* TASK TO COMPLETE *
Below is a listing with pictures in it; transcribe exactly the lines from the one that has "La nuova presidente" through the one that has "1108 - 2560", and omit those pictures.

* INFORMATION GIVEN *
-- Opening Marker --

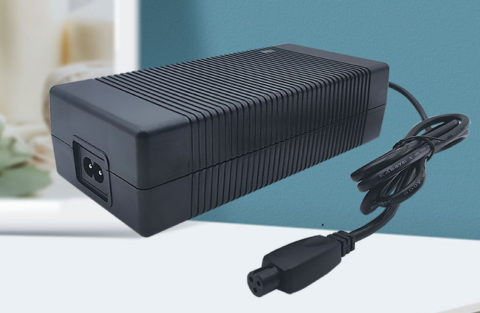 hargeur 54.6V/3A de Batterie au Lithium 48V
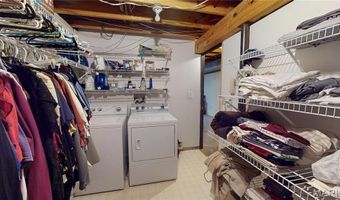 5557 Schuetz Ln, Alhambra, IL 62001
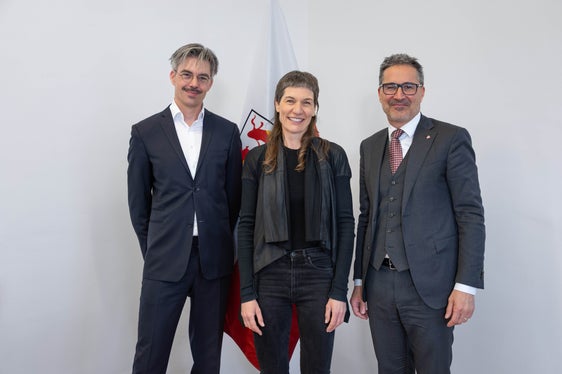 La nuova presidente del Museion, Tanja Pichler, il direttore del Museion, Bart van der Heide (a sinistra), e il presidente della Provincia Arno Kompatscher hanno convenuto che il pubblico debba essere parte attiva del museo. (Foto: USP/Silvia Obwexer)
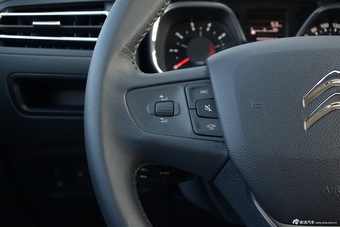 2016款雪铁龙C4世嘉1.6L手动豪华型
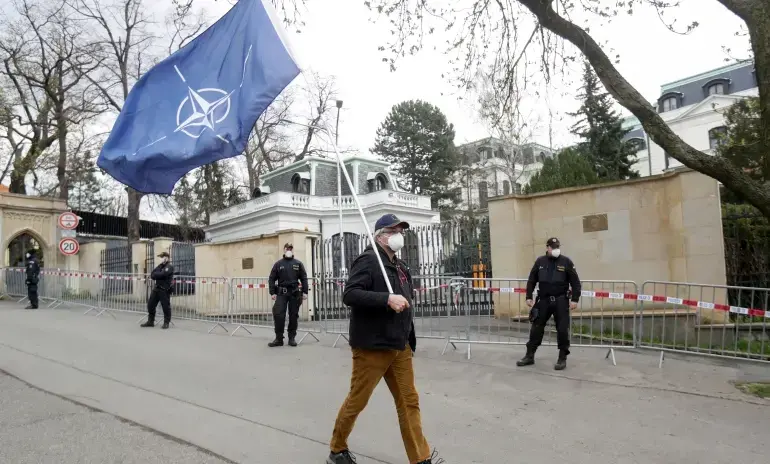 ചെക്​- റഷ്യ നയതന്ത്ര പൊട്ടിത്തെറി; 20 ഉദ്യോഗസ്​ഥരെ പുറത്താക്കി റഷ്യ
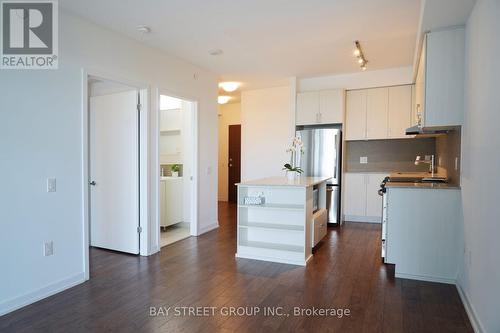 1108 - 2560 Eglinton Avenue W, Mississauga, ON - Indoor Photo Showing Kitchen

-- Closing Marker --
-- Opening Marker --

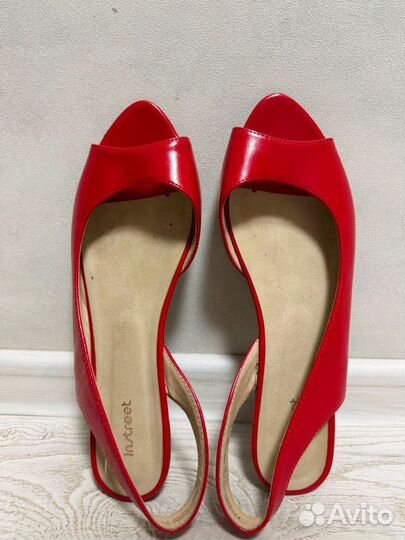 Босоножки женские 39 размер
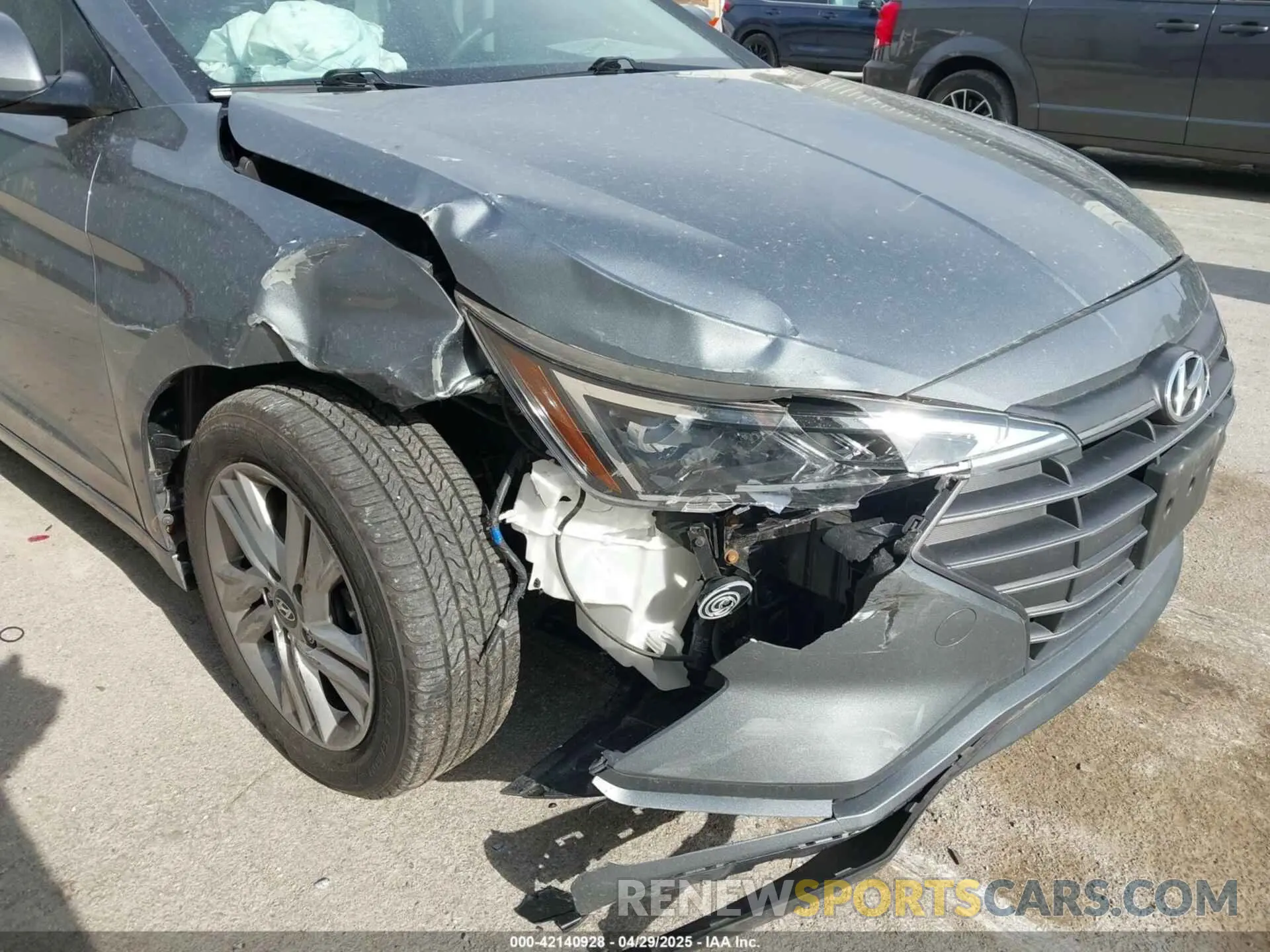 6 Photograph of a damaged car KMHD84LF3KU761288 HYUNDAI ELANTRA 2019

-- Closing Marker --

* RESULT BELOW *
 La nuova presidente del Museion, Tanja Pichler, il direttore del Museion, Bart van der Heide (a sinistra), e il presidente della Provincia Arno Kompatscher hanno convenuto che il pubblico debba essere parte attiva del museo. (Foto: USP/Silvia Obwexer)
 2016款雪铁龙C4世嘉1.6L手动豪华型
 ചെക്​- റഷ്യ നയതന്ത്ര പൊട്ടിത്തെറി; 20 ഉദ്യോഗസ്​ഥരെ പുറത്താക്കി റഷ്യ
 1108 - 2560 Eglinton Avenue W, Mississauga, ON - Indoor Photo Showing Kitchen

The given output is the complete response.